The Citarum, near the Indonesian capital of Jakarta, displays the shocking abuse that mankind has subjected it to.

More than 500 factories, many of them producing textiles which require chemical treatment, line the banks of the 200-mile river, the largest waterway in West Java, spewing waste into the water. On top of the chemicals go all the other kinds of human detritus from the factories and the people who work there. There is no such luxury as a rubbish collection service here. Nor are there any modern toilet facilities. Everything goes into the river.

The filthy water is sucked into the rice paddies, while families risk their health by collecting it for drinking, cooking and washing. Twenty years ago, this was a place of beauty, and the river still served its people well. As one local man, Arifin, recalled: "Our wives did their washing there and our children swam." Its demise began with rapid industrialization during the late 1980s. The mighty Citarum soon became a garbage bin for the factories. And the doomsday effect will spread. It is one of two major rivers that feed Lake Saguling, where the French have built the largest power generator in West Java. Experts predict that as the river chokes, its volume will decrease and the generator will not function properly. The area will be plunged into darkness. But at least the factories will be stilled and their waste will stop flowing.

And perhaps the river will begin to breathe again.

This article first caught my attention because we recently hosted Missionary Rodger White from Indonesia where this river is located.
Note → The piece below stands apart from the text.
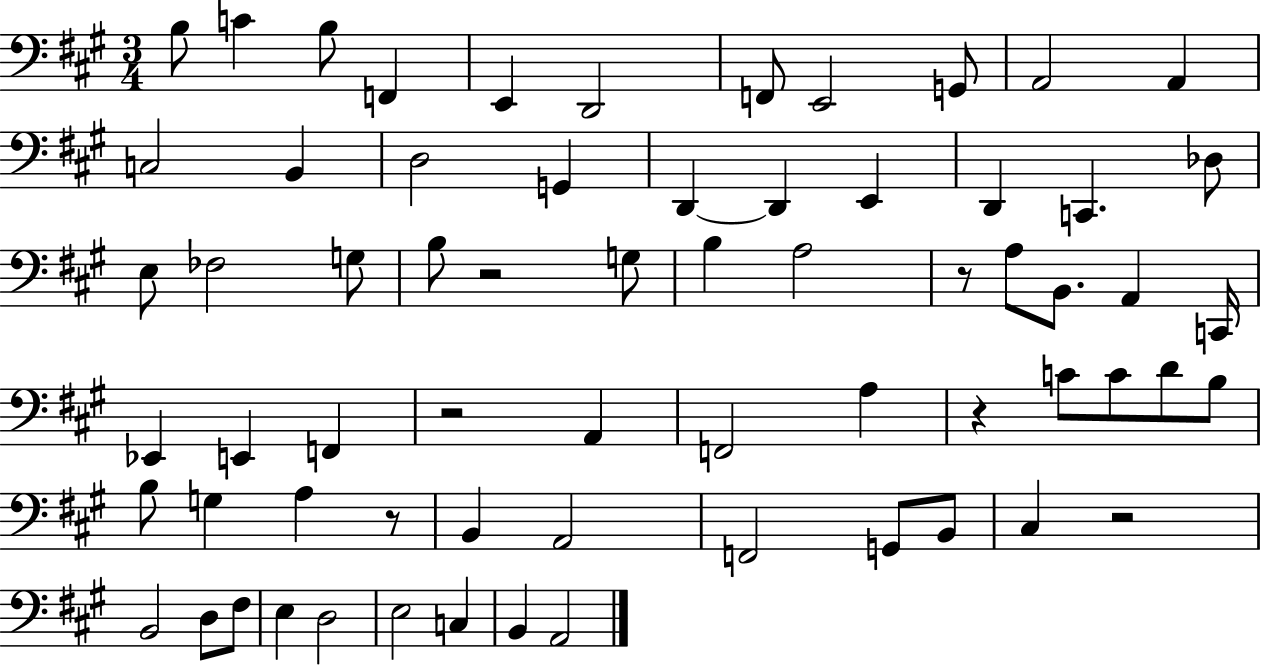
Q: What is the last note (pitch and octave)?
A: A2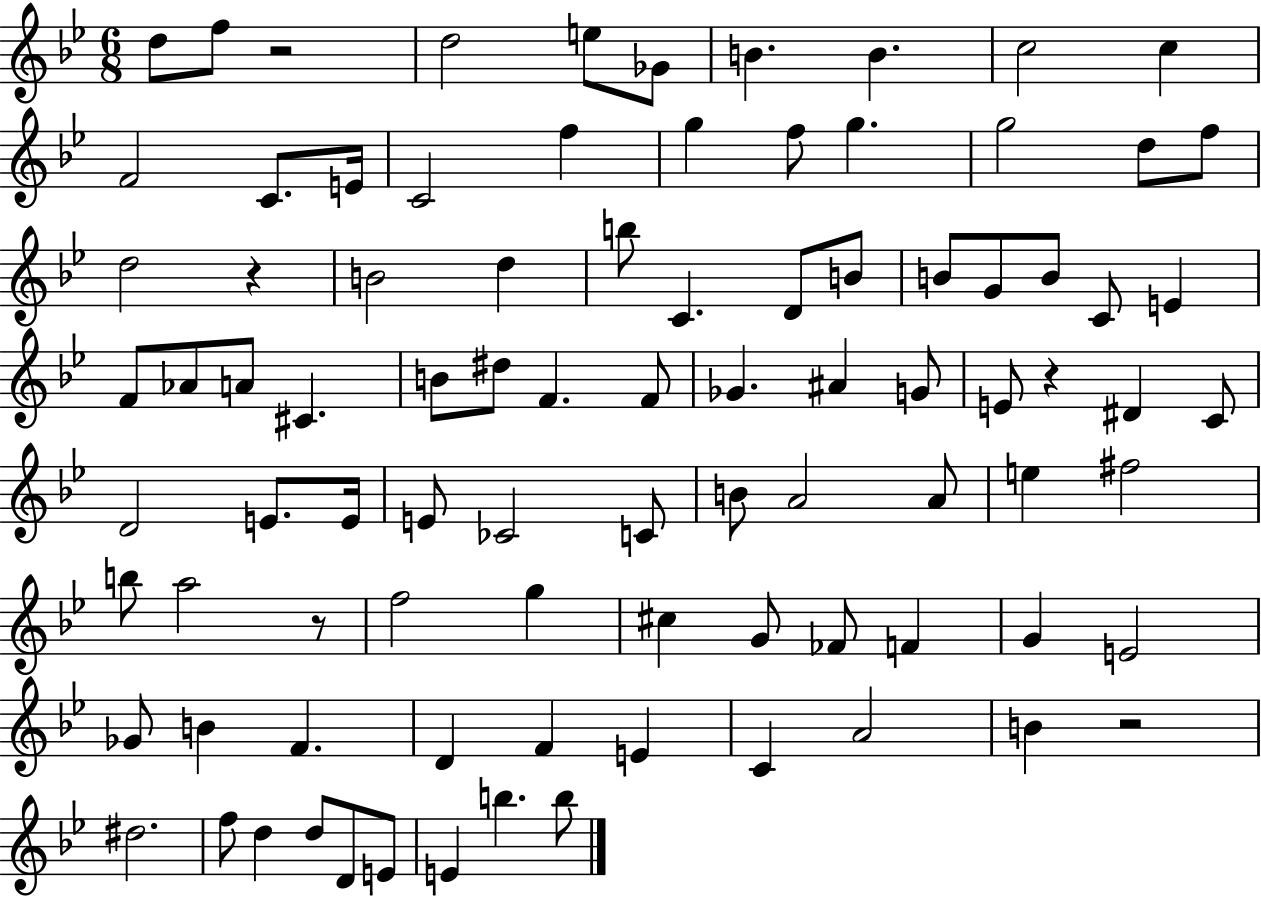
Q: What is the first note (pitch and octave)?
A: D5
After reading this story (Daily Mail - UK) and looking at the pictures, my mind went to something that has been in my thoughts for the last several weeks. It doesn't take long for the clear, beautiful rivers of each of our lives to become polluted. Our innocence is soiled so quickly in the world we live in. Everywhere you go, there is trash being dumped into our minds. We must be vigilant to stay pure.

We shared lunch today with a sweet couple, Jan and Rod Madden, and at some point got on the subject of checking things out before allowing it into our homes. It is not easy, but as I taught last Sunday in Sunday School, we do not leave the physical door of our homes open and allow anything and everything access. We lock the doors, even set an alarm, to keep unwanted guests from entering. Who says a snake WILL bite you? But I don't want to allow it to even have the chance, so I close the door and keep that snake from even getting the opportunity to come inside my home. What I allow into the river of my home will affect my children's decisions and lifestyle. The accumulated trash, like the river pictured above, will cut off the supply of life-giving water in their spirits. Before long it will begin filling them with poison.

I must ask myself, "Am I doing all I can to keep the trash away from my family?" It is not the easiest job, but anything worthwhile takes work. My kids may not like me sometimes and others may scoff at my choices, but I am called to be a watchman over my home. I refuse to let my home be choked by trash.

Somebody gave up one day trying to keep this river clean and look where it is. Will you give up fighting for the purity of your home?

3 comments:

Sheree said...

What a thought provoking post. I actually stopped and took inventory of home to make sure there wasn't any "waste" lying around for my daughters to digest. Thank you for the reminder.

Anonymous said...

Awesome post Gene. It is a never ending job, however I believe that it is worth it. When people walk into my home and say they feel peaceful that is the highest compliment. I don't want any rubbish to take that away from me.
www.iluv2prshim.wordpress.com

Keith and Carla said...

Wonderful post, Gene!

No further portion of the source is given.